We were amazed at how fast the turnips appeared. We mixed rye and turnip seed together. We used  30 lbs per acre of the rye seed and 4 lbs per acre of the turnip seed. We planted our seed around the middle of September and within  7-10 days the turnips were popping up. As a matter of fact, we probably used too much turnip seed per acre as you can see in the pictures. The goats really did not  show any interest in the turnips when it was at the young stage. However, when they matured, they really started eating them. They are moving between the rye, Coastal Bermuda and turnips.

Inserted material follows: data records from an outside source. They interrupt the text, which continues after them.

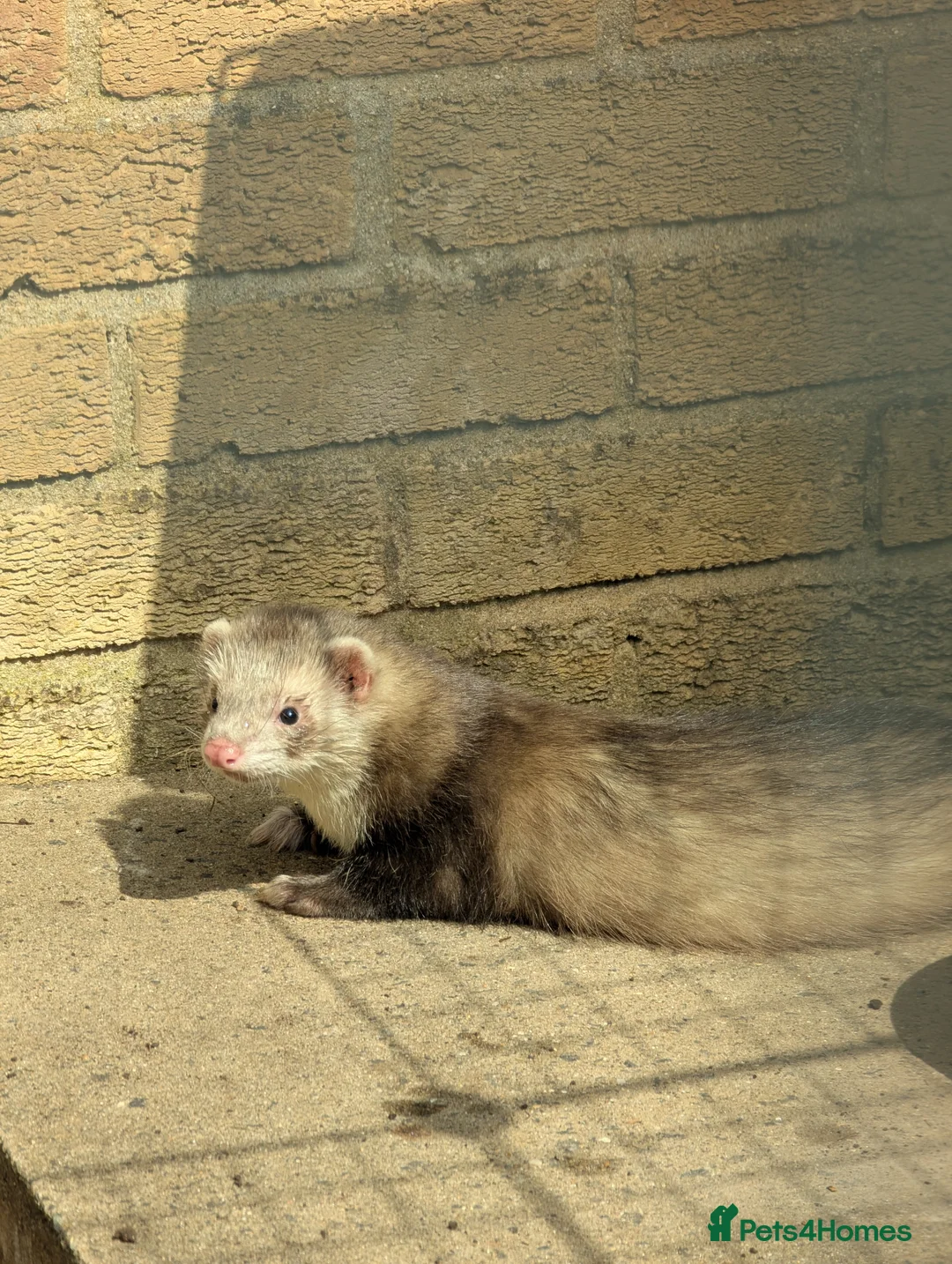 Ferret rodents for sale: Pair of Semi-Angora Ferrets Seek Experienced Home - Advert 2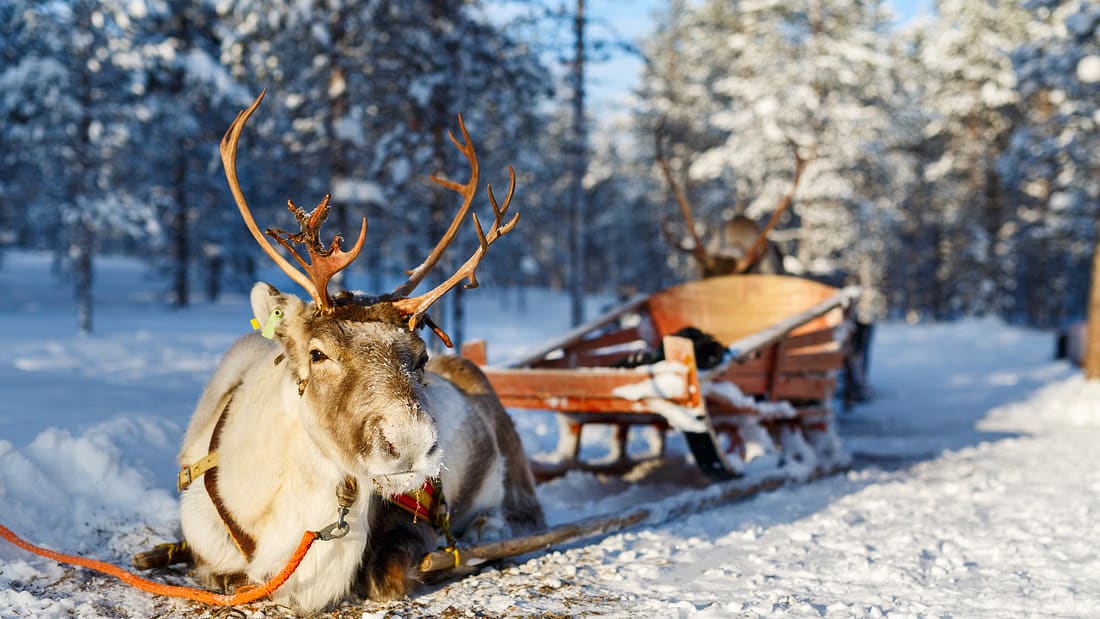 Reindeer sledding in Levi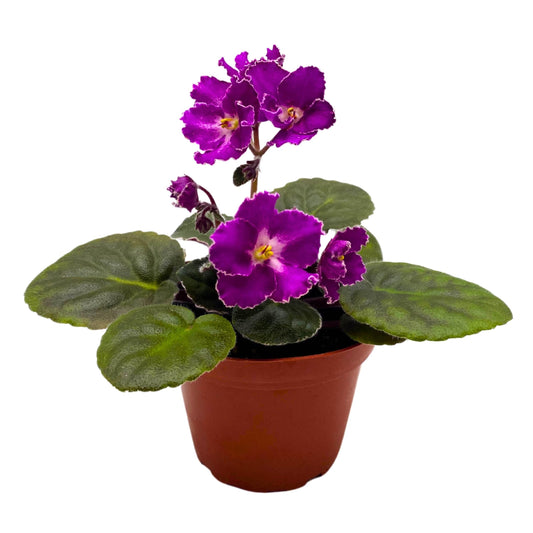 Harmony Foliage Buckeye Let's Roll African Violet Saintpaulia 4 inch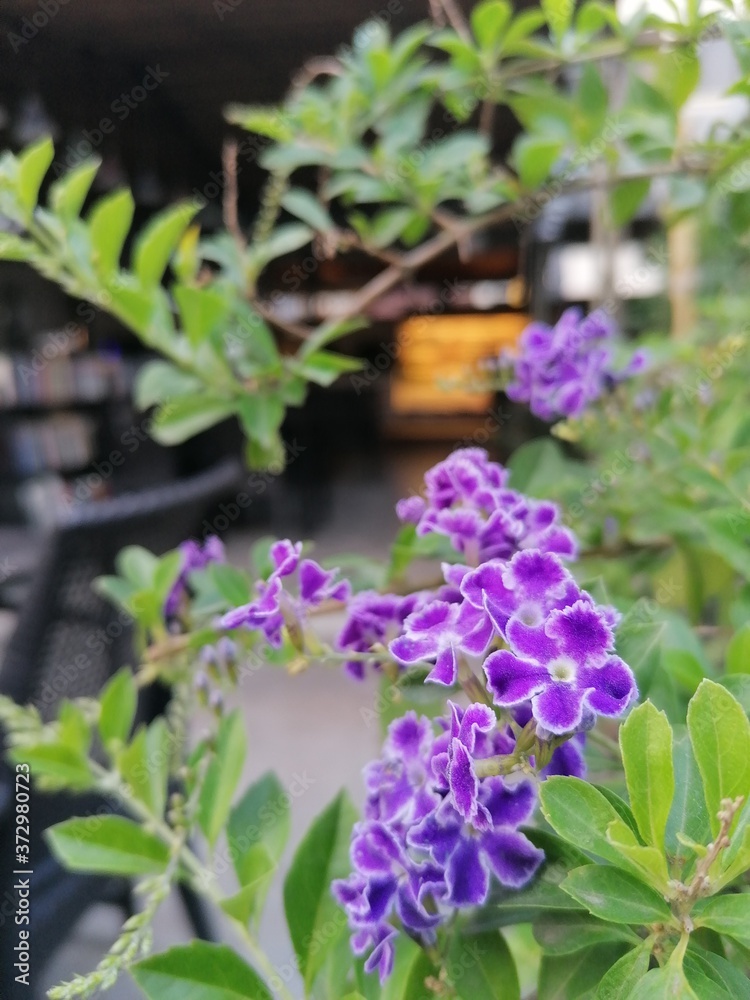 Lilac flowers on a green background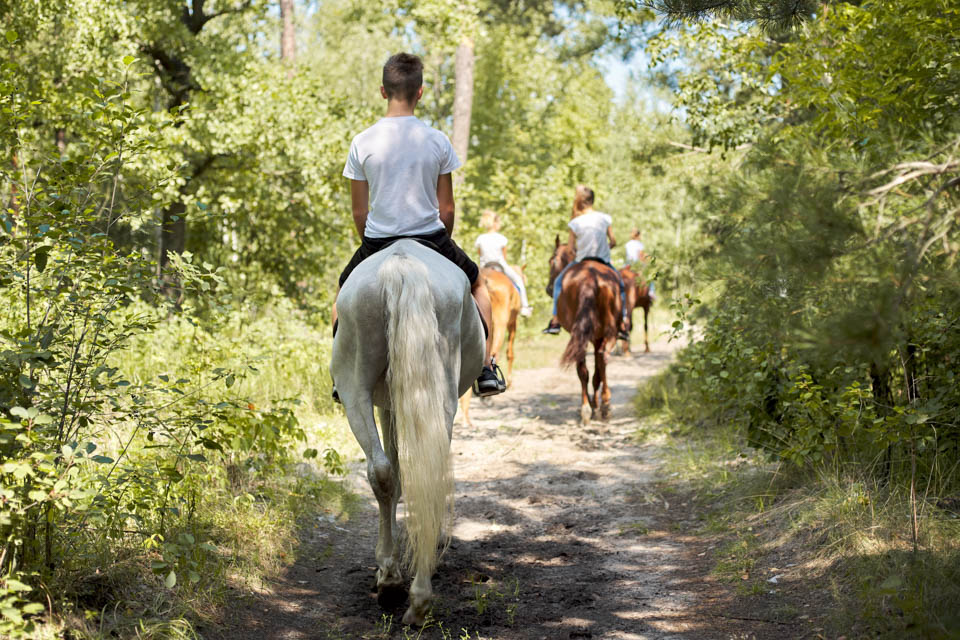 7 Horseback riding in Mammoth Cave Naitonal Park is a top thing to do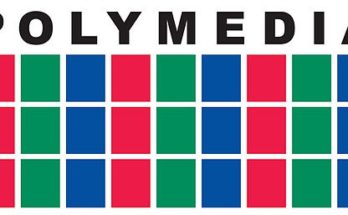 Елена Новикова, Polymedia: В России пора создавать ситуационные центры с искусственным интеллектом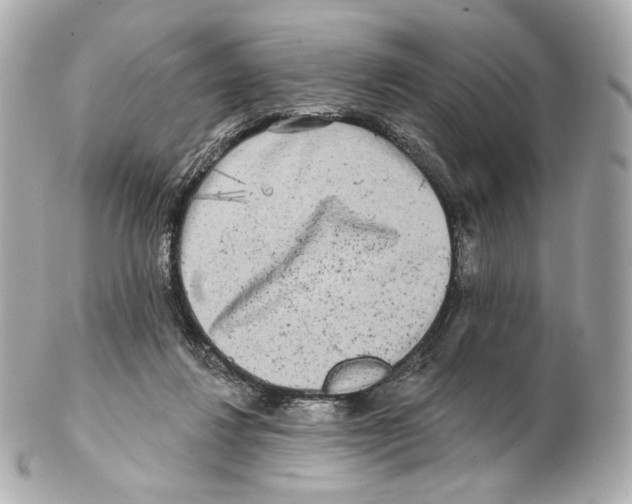 X0000102410260200808291514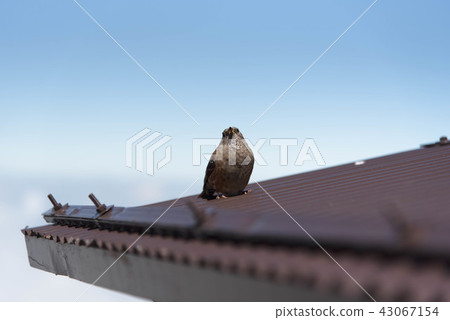 Iwaki Bali Wild bird of Takayama Lava Honey Iwaki Bali Wild bird of Takayama Lava Honey 43067154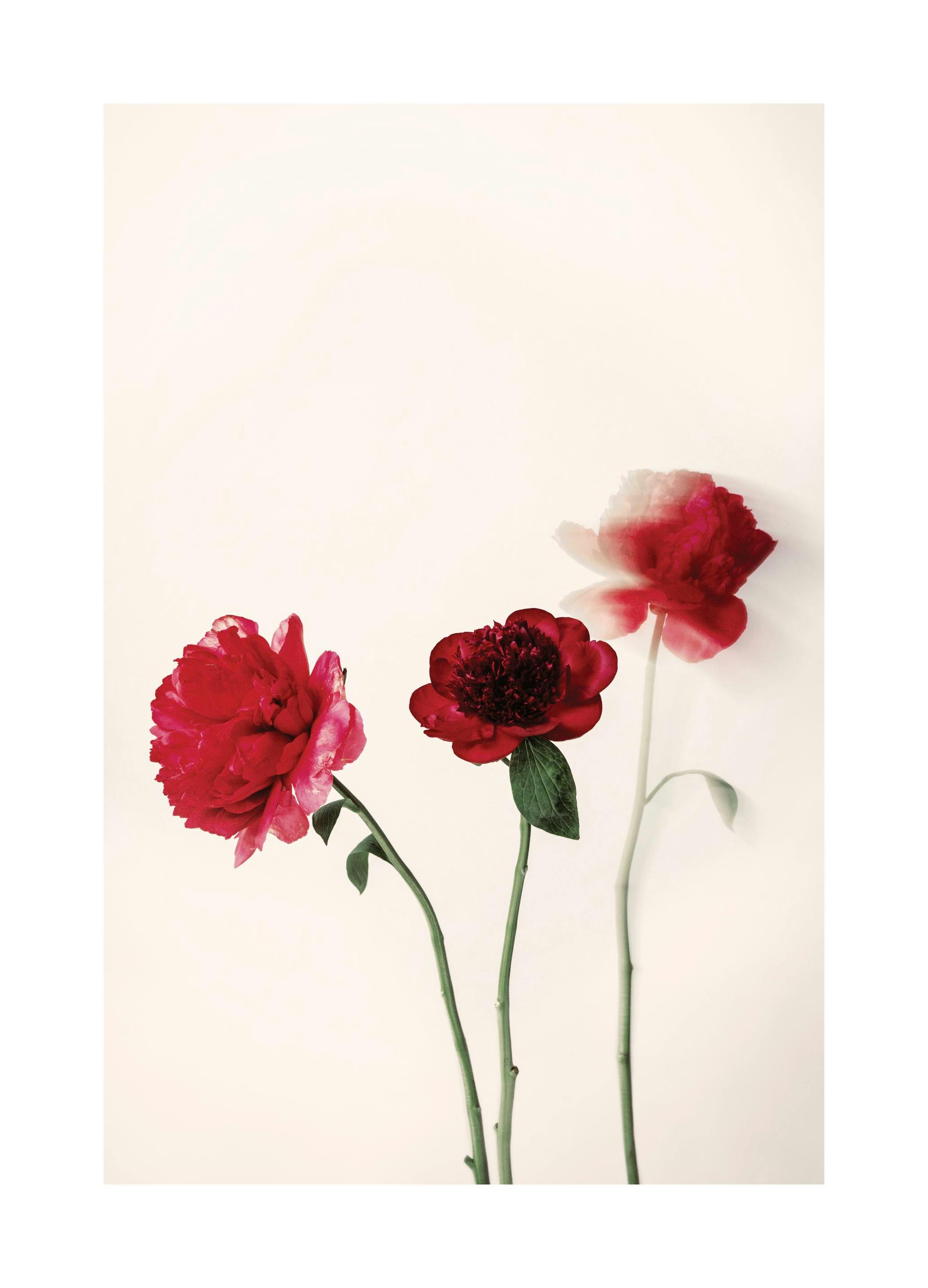 Red Flowers Print (50x70 cm)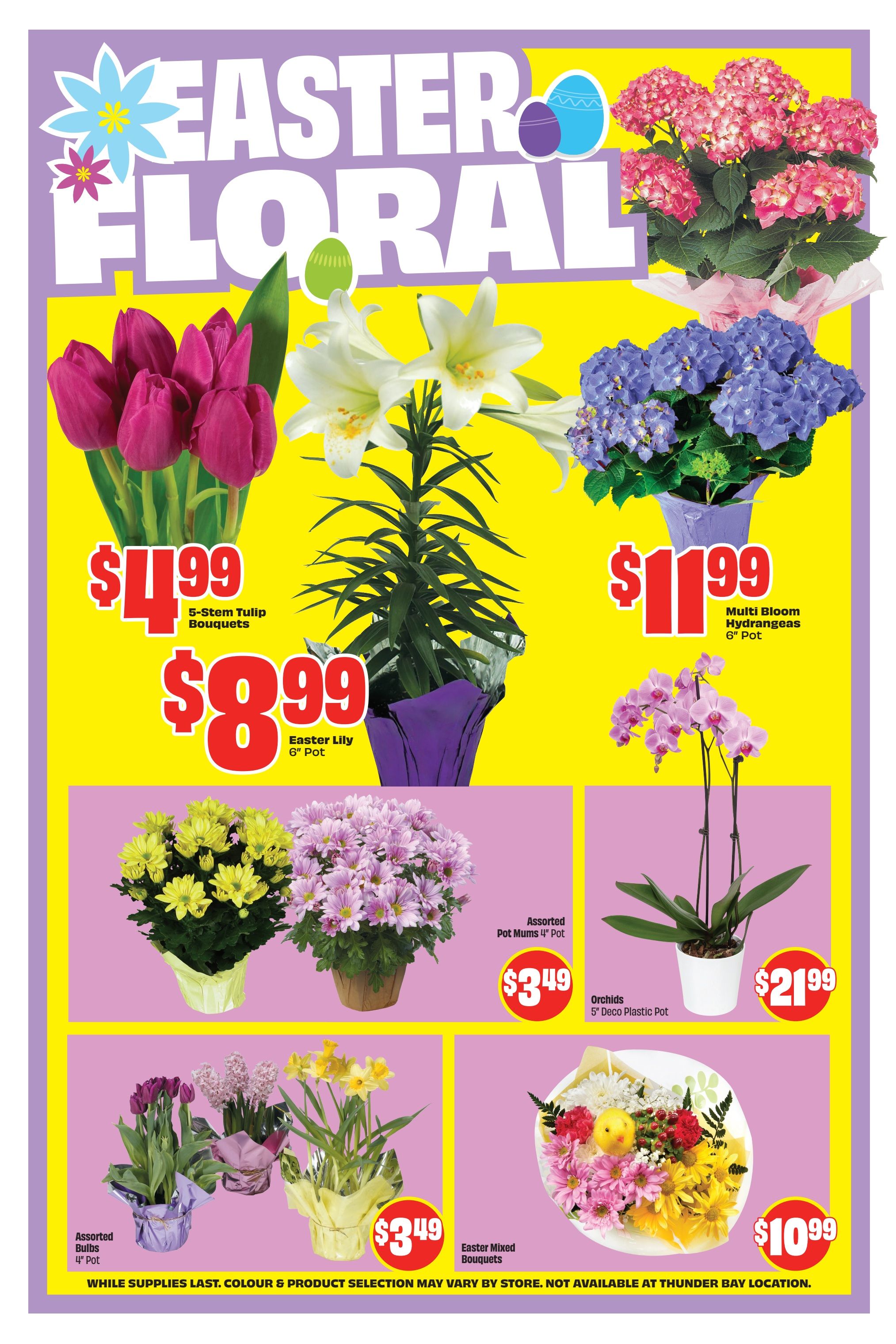 FreshCo flyer page 7 features Easter floral arrangements. Offers include 5-stem Tulip Bouquets for $4.99, Easter Lily in a 6' pot for $8.99, and Multi Bloom Hydrangeas in a 6' pot for $11.99. Also available are Assorted Pot Mums in 4' pots for $3.49, Orchids in a 5' Deco Plastic Pot for $21.99, Assorted Bulbs in 4' pots for $3.49, and Easter Mixed Bouquets for $10.99. While supplies last. Colour and product selection may vary by store. Not available at the Thunder Bay location.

Note from a visitor to our web site.

Hello jack, just finished reading your post on turnips. Very interesting, we have put them in deer food plots here in Ohio for several years. We use a mix of Purple Top Turnip, Forage Kale and Rape, these plants are in the brassica family. Planted in early Aug. these plants will reach about 12 to 18" by first frost. Once they have been frosted the sugar content in the foliage increases make for a super attractant for deer, not to mention the nutrient value they provide. One thing I have found is soil P.H. affects the rate at which the sugar levels increase. The closer to a neutral P.H. the faster the deer will consume the plants after they have been frosted. Lower P.H. results in the plants being consumed after they have been frosted several times. I have turned our Boers into some of these plots later in the winter month and the goats will dig the turnip's from the ground and clean up the plots very well. I plan on adding a fall pasture next year with the deer food plot mix for our Boers, a good cheap way of extending the grazing period. Thanks for the article.